Western Washington University faculty recently chose AFT-NEA as their collective bargaining agent. The vote was 300 for union representation and 284 against. This election constitutes a union sweep of the three regional universities in Washington. Last year’s vote at Eastern Washington was 338 in favor and 46 opposed; at Central Washington 264 out of 418 faculty voted for the United Faculty of Washington (AFT-NEA).

The United Faculty of Central just ratified their first contract, one that included an 11 percent pay increase over two years. There was a 8.5 percent across-the-board raise, a one time payment for all faculty, and a one percent merit increase.

PSU Faculty Union Wins 8 Percent Raise

The Portland State University faculty union is affiliated with the American Association of University Professors. The union has just finished negotiations on a contract that will grant a 5 percent across-the-board increase in February. About 500 of PSU faculty make less than $48,000 annually, and these faculty will receive an additional 1.25 percent raise.
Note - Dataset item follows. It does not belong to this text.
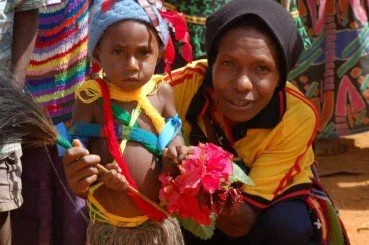 A young girl with traditional attire holding a bouquet of pink flowers, standing next to an adult woman in a yellow shirt, both outdoors among other people.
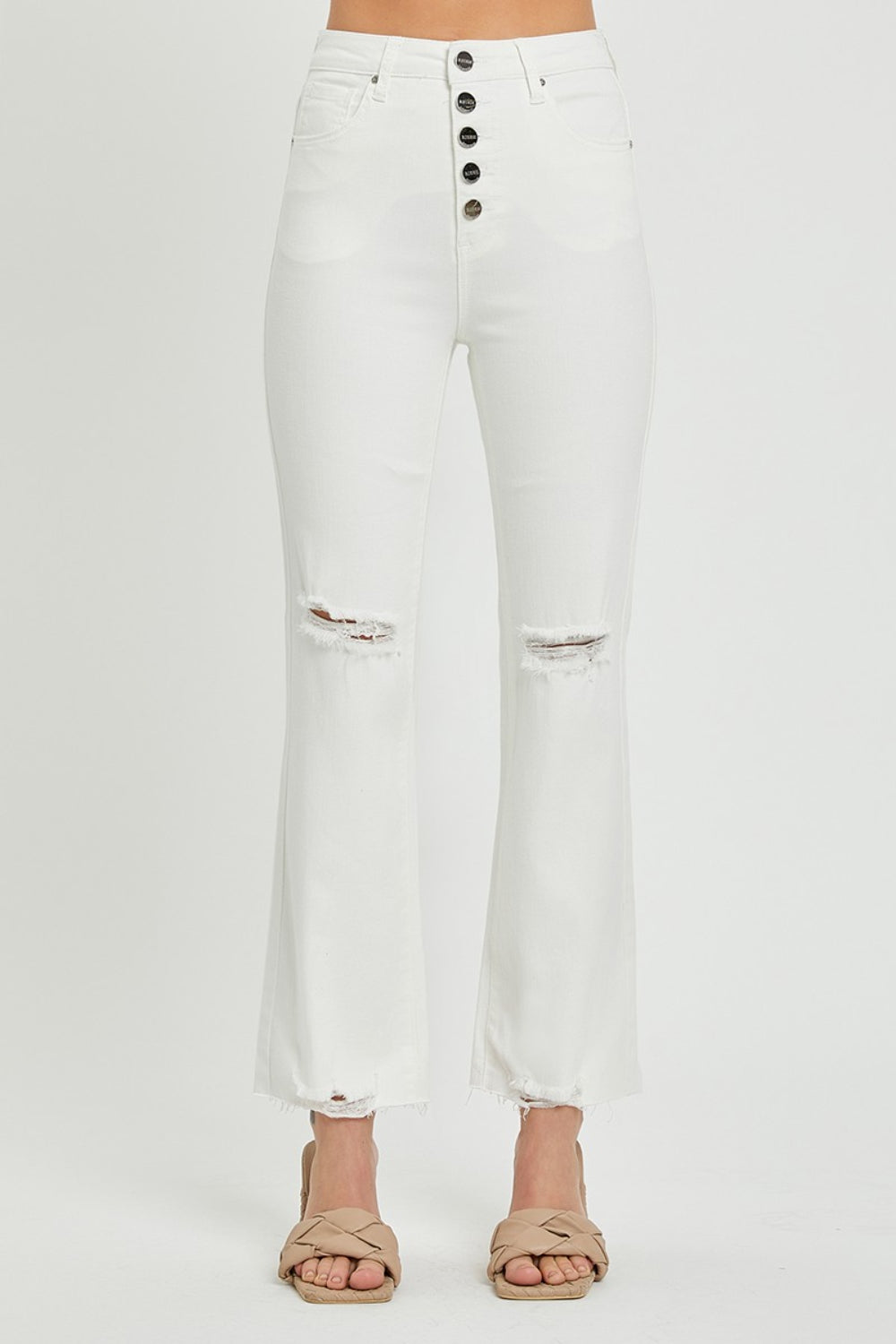 Button fly white jeans with ripped knees and high-waisted fit.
All faculty will share in an additional 3 percent increase later this year.

Athletic Deficits and Academic Missions
Oregon State, Portland State, University of Idaho

At a recent meeting members of the Oregon Board of Higher Education expressed concern about deficits in the athletic programs at Oregon State University and Portland State University. They noted that this was especially troublesome because they are being asked, once again, to make cuts in academic programs.

Even with Oregon State’s football success in recent years, the athletic department ran a $4 million deficit in FY05. This amounts to 11 percent of OSU’s athletic budget. OSU officials predict that $8-10 million will have to be cut from academic departments to make the FY07 budget.

Portland State, which plays Division I-AA football, had a $3.1 million deficit for FY05, which is an astounding 40 percent of its athletic budget. One of the arguments for the UI going to Division I-A was that it could make more money in gate receipts by playing (and generally losing to) I-A teams.

As stated in The Oregonian (1/6/06): “Universities with Division I-A football programs generally expect their athletic departments to become self-sufficient through ticket sales, donations, and other sources.” Nevertheless, 60 percent of these programs run a deficit after subtracting appropriated funds. Division I-AA programs do far worse with 90 percent running in the red.

The UI athletic department received $2.4 million in appropriated funds for FY05, which amounted to 26 percent of the total budget. Considering the impact of two financial exigencies in 1981-82 on academic programs, the UI Faculty Council passed a resolution that requested that the state funds be removed. For four years (1983_87) the Vandals, presumably without a subsidy, won five Big Sky championships.

Jeff Hale, President of the OSU Faculty Senate, stated that he wants less subsidy for athletics, but thought it was a “pipedream” to think that the programs will ever be self-sufficient. Many UI faculty, however, were distressed when the principle of self-sufficiency was used to shut down the University of Idaho Press, one of whose titles had just won a national award. To insist that a program that clearly serves the UI’s academic mission be self-sufficient but then subsidize a nonacademic program is inconsistent and hypocritical.